** Work required **
Word for word, write the lines below out again, with no pictures.

** Recorded information **
Segment Open

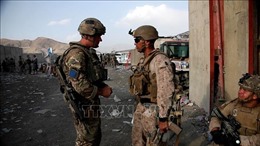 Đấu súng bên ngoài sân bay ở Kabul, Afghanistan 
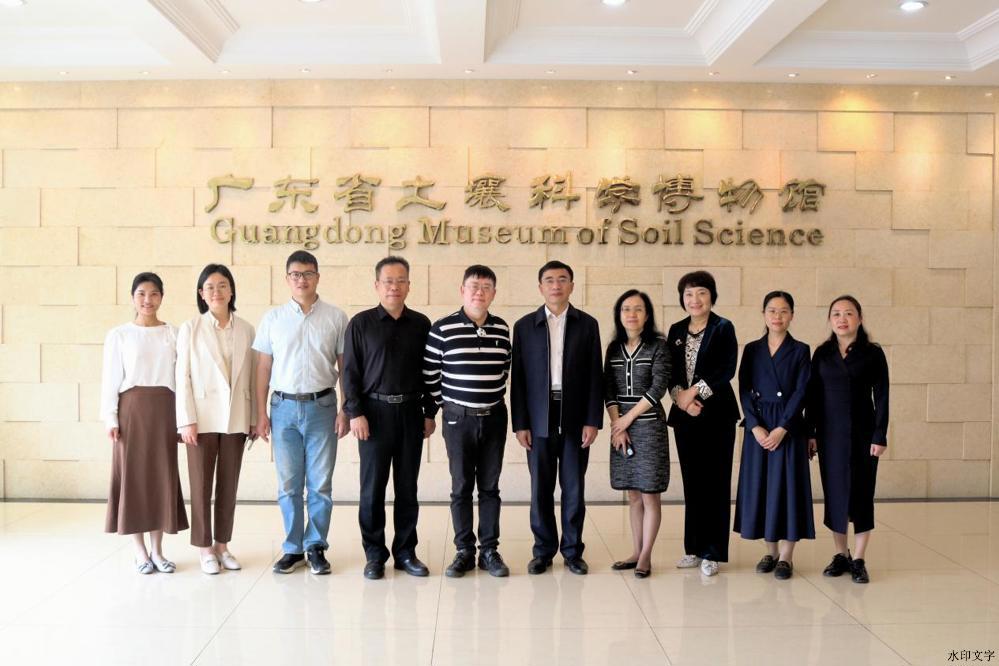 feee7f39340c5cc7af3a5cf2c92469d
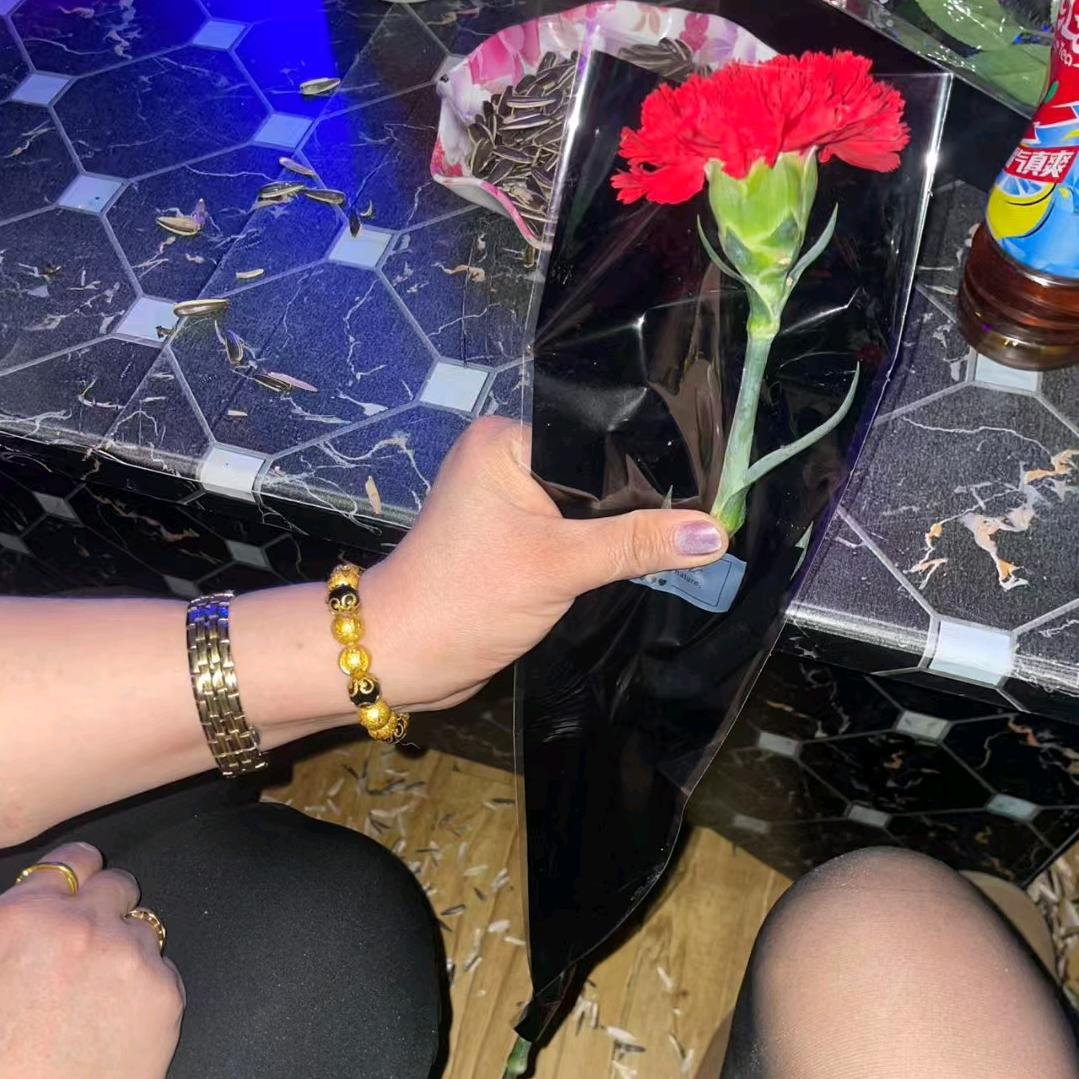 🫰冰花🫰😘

Segment Closed

** Response to the task **
 Đấu súng bên ngoài sân bay ở Kabul, Afghanistan 
 feee7f39340c5cc7af3a5cf2c92469d
 🫰冰花🫰😘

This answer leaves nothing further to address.